Hulger is a British company that designs electronic equipment. It was formed from Pokia after a trademark dispute with Nokia by Nicolas Roope and Michael-George Hemus.

The company founded on the idea of old telephone handsets plugged into cellphones but soon diversified, adding voice over IP applications. Whilst Pokia handsets were modded existing designs, Hulger handsets are newly commissioned products, created specially for use. In late 2005 two Bluetooth models allowed wireless use with both cellphones and PCs/Macs.

The company founded in London, England in 2005 after extensive media coverage of its previous incarnation Pokia, a prototype project dating back to its inception in 2002. The first production model was available to buy on 1 June 2005, and since then a number of new designs have launched under the label. 

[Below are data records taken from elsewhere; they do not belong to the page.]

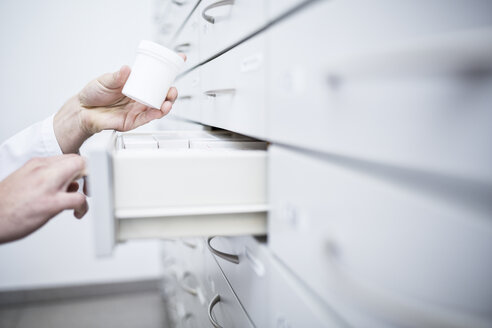 Nahaufnahme eines Apothekers, der Medikamente aus einem Schrank in einer Apotheke nimmt - WESTF23999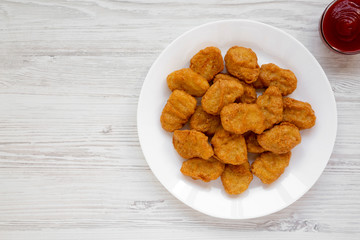 Chicken nuggets and ketchup on a white wooden background. Overhead, from above, flat lay. Copy space.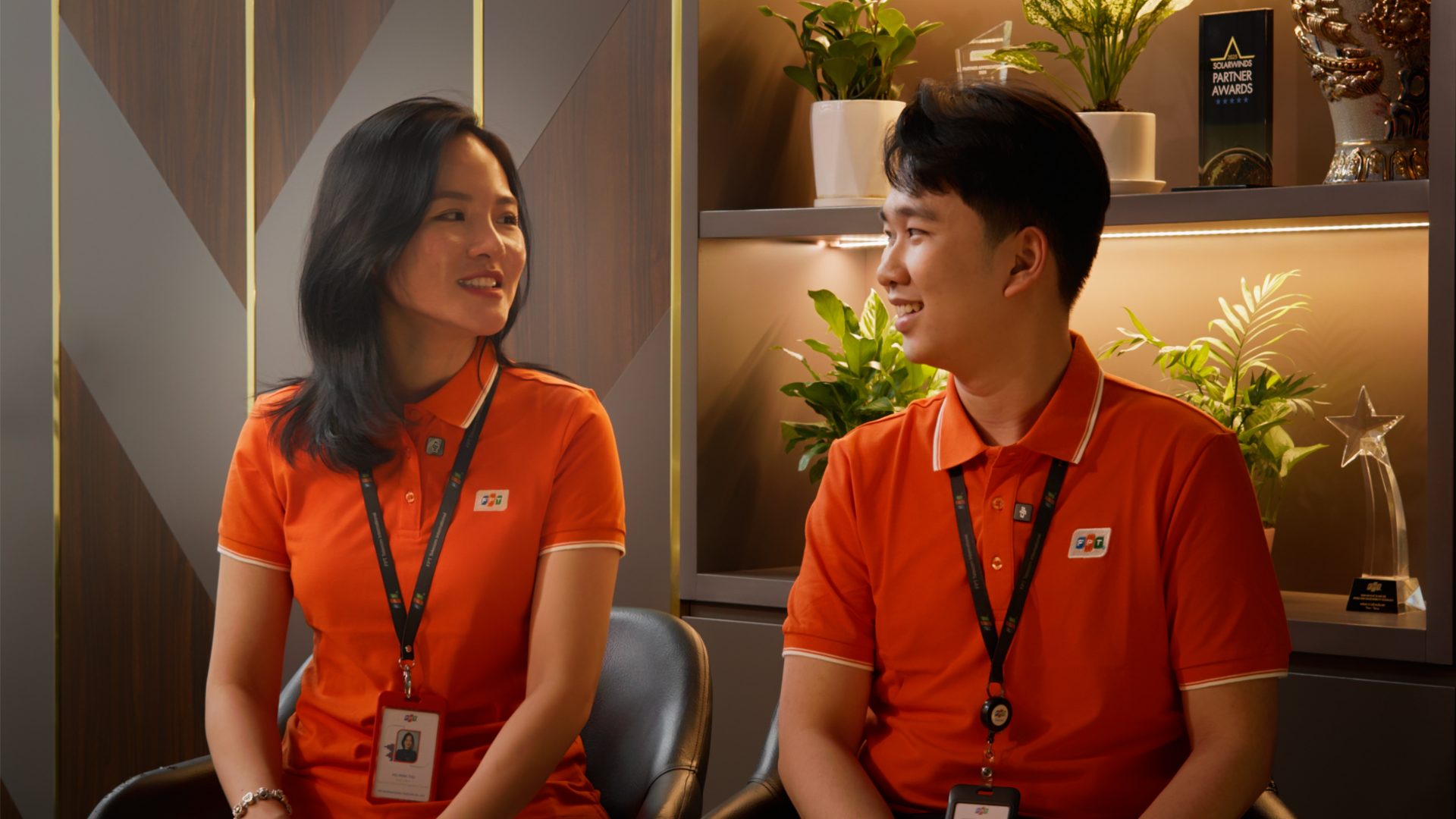 Two young FPT Telecom employees laughing together during a paired interview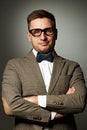 Confident nerd in eyeglasses and bow tie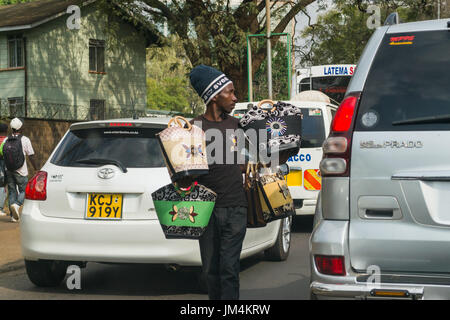 Un uomo che offre borse per la vendita ai conducenti bloccati nel traffico su autostrada Uhuru di Nairobi, in Kenya Foto Stock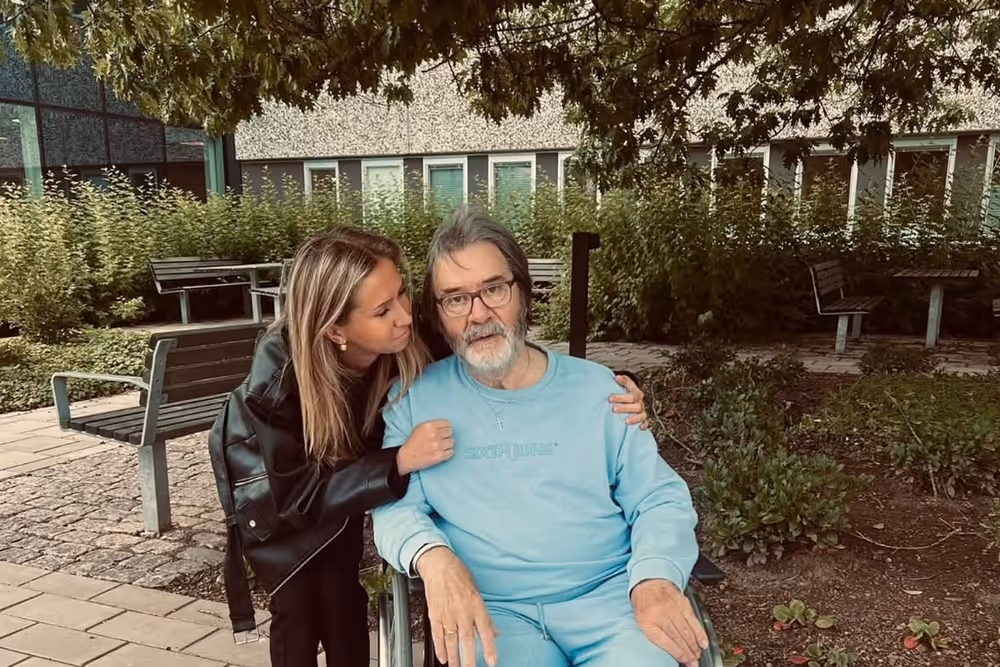 Horace Mason sitter i rullstol i en trädgård medan hans dotter Michelle lutar sig mot honom.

Hulger products have received both Gmark and IF product design awards and have featured in The New York Times, Vogue, Elle, ICON, The Times, Engadget, Gizmodo, Surface, Nylon, Marie Claire, Wallpaper*, The Boston Globe, and the Pappa*Phone was included in GQ US' products of the year in 2008. 

In 2007 Hulger launched the Plumen project, an alternative design concept challenging the lack of diversity in CFL, or low-energy light bulbs. The project proposes that by making more interesting and attractive bulb shapes out of the tubular formation of the CFL bulb people will be much more likely to buy and use them.

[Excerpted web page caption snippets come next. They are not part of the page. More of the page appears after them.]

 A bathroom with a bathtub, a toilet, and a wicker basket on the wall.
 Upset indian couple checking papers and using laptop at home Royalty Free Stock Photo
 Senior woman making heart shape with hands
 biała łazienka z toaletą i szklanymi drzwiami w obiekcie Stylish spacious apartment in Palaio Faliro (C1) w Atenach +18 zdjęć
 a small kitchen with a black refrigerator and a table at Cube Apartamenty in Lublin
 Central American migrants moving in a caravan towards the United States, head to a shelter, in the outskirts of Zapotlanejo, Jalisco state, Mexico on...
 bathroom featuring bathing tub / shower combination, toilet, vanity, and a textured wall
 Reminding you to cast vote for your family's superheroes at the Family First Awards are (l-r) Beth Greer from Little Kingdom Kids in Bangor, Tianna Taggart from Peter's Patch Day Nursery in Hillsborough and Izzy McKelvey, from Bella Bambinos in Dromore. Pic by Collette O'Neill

The first Plumen concept and working prototype of the CFL bulb was included in MoMA New York's permanent design collection in 2008. Another Plumen prototype featured in the V&A, London's "In Praise Of Shadows" exhibition in 2009.

The Plumen 001 "designer energy-saving light bulb" was launched in London and Seattle on 10 September 2010. The product is available as a standard fit light bulb, benefits from low energy consumption but is more decorative than conventional CFLs / low-energy light bulbs.